TRY IT> What's needed is an exact copy of the lines from the one that contains "Foody Mart Austria Tangerine offer" to the end of the data below, leaving the pictures out.

[Items from a data source]
════════════════════

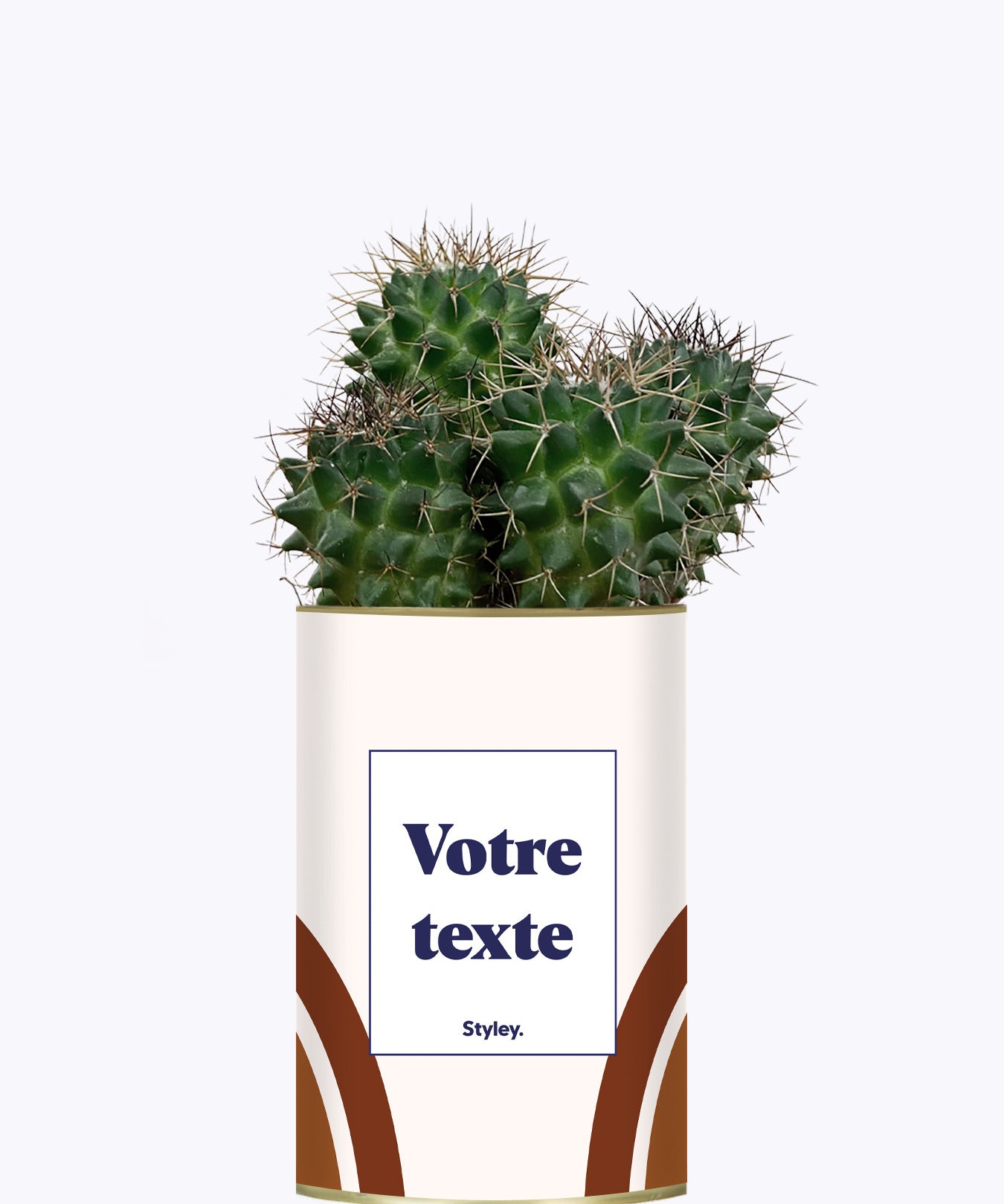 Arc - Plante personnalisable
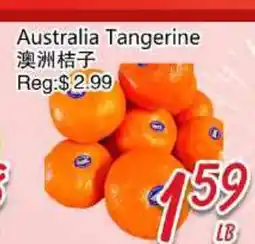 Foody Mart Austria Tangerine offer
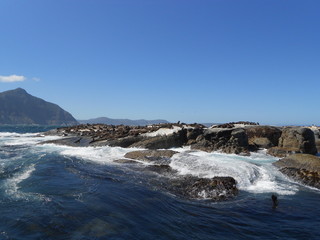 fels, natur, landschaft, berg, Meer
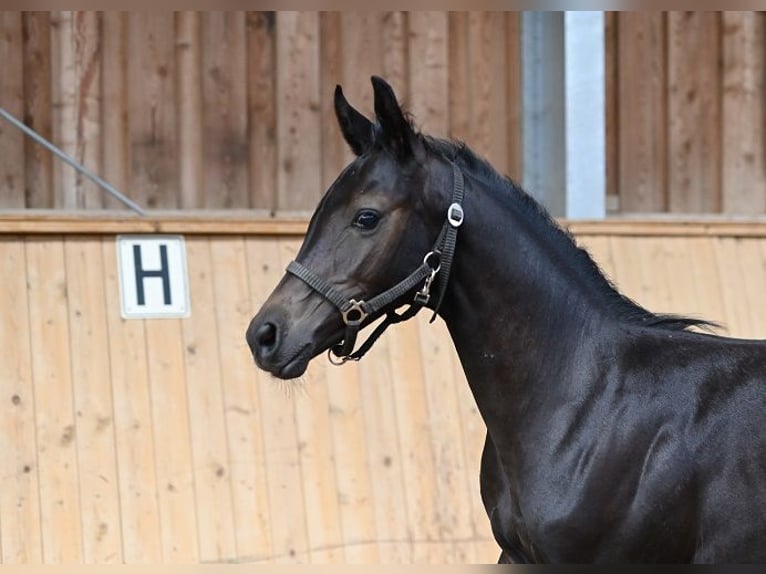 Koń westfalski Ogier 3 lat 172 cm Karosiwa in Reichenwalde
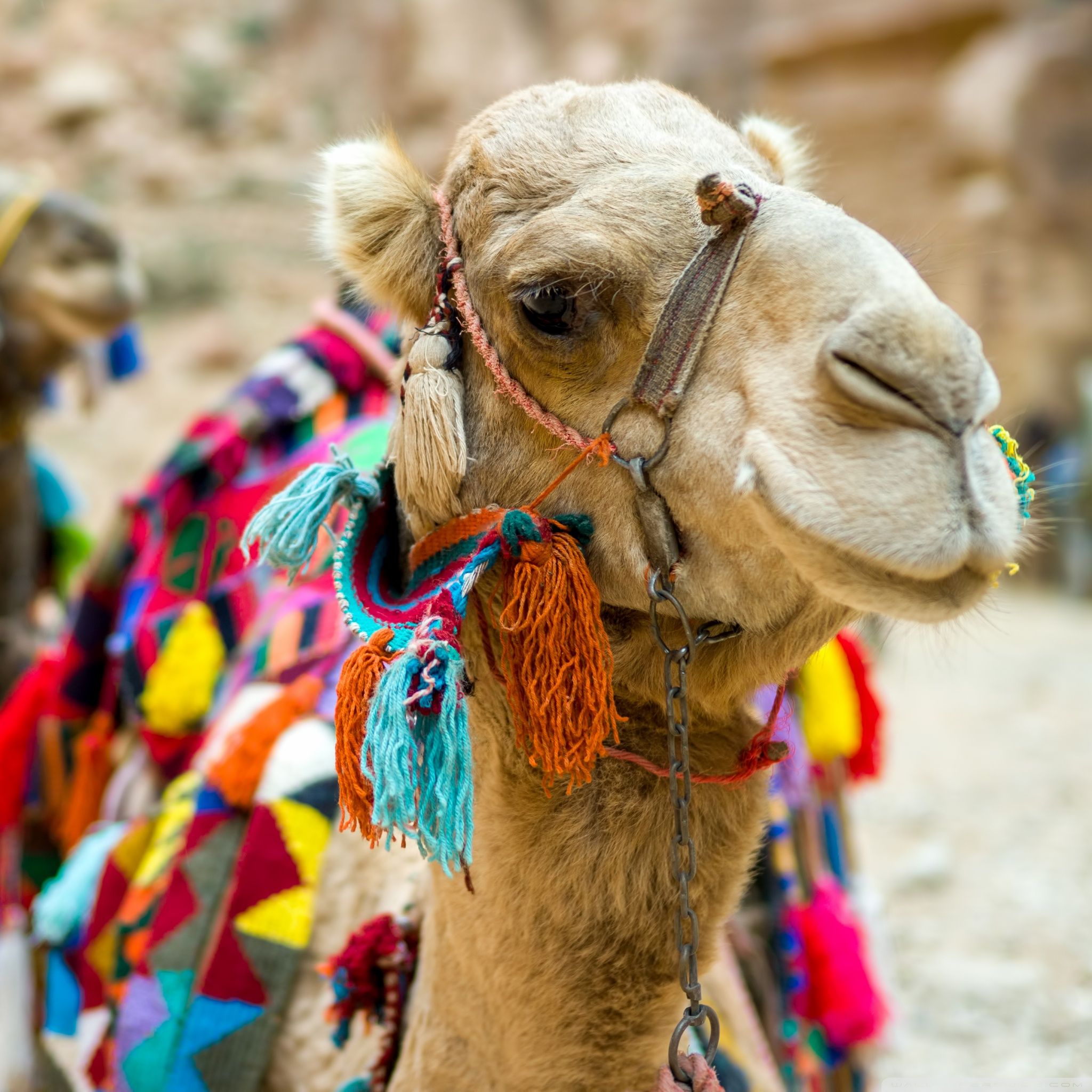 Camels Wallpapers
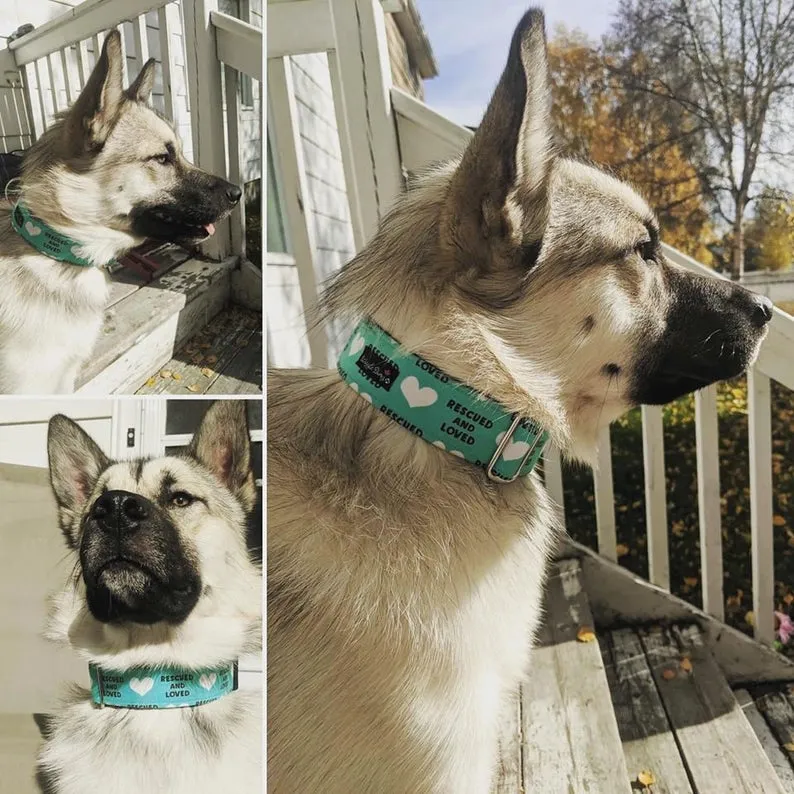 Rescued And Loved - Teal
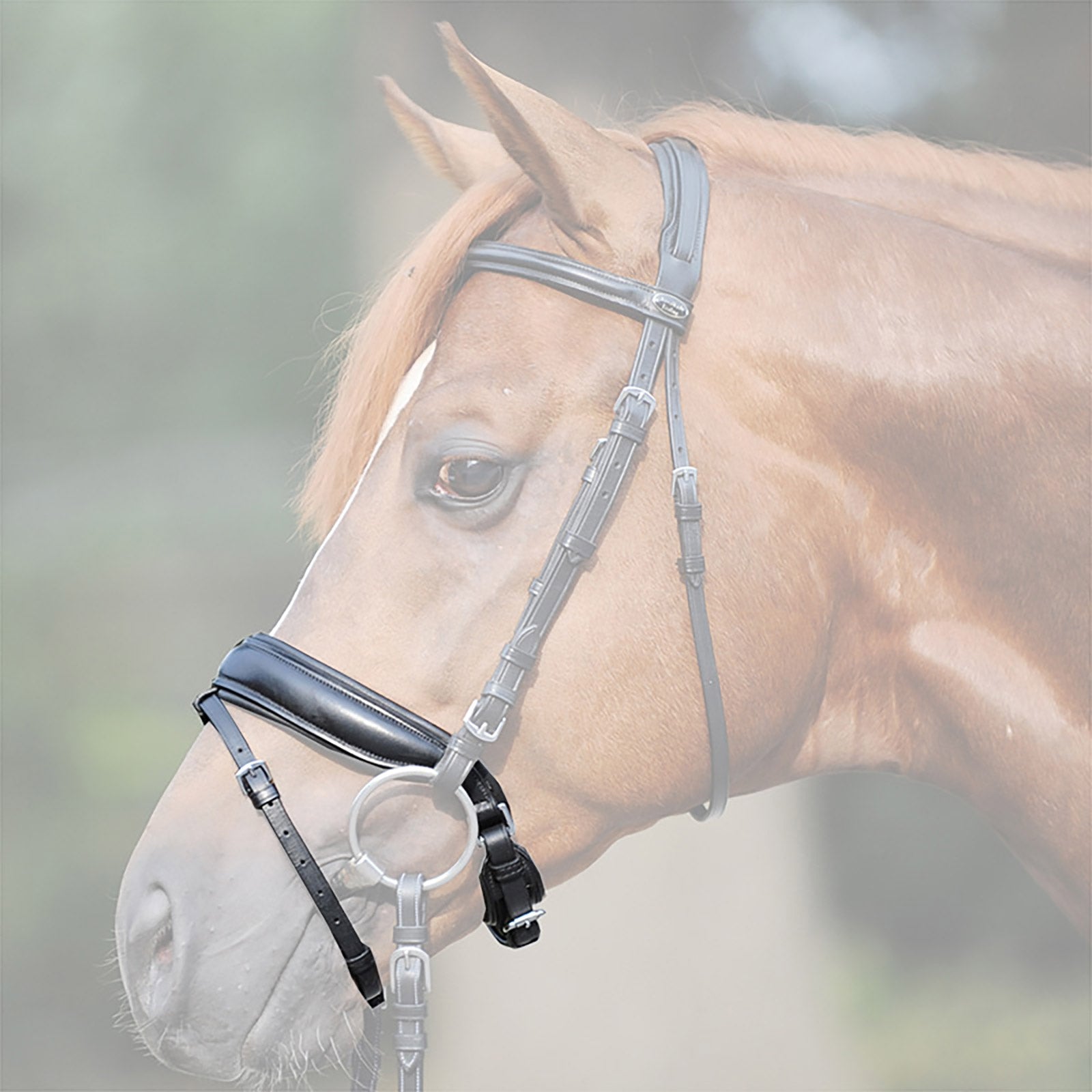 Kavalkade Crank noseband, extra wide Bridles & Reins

════════════════════

ANSWER>
 Foody Mart Austria Tangerine offer
 fels, natur, landschaft, berg, Meer
 Koń westfalski Ogier 3 lat 172 cm Karosiwa in Reichenwalde
 Camels Wallpapers
 Rescued And Loved - Teal
 Kavalkade Crank noseband, extra wide Bridles & Reins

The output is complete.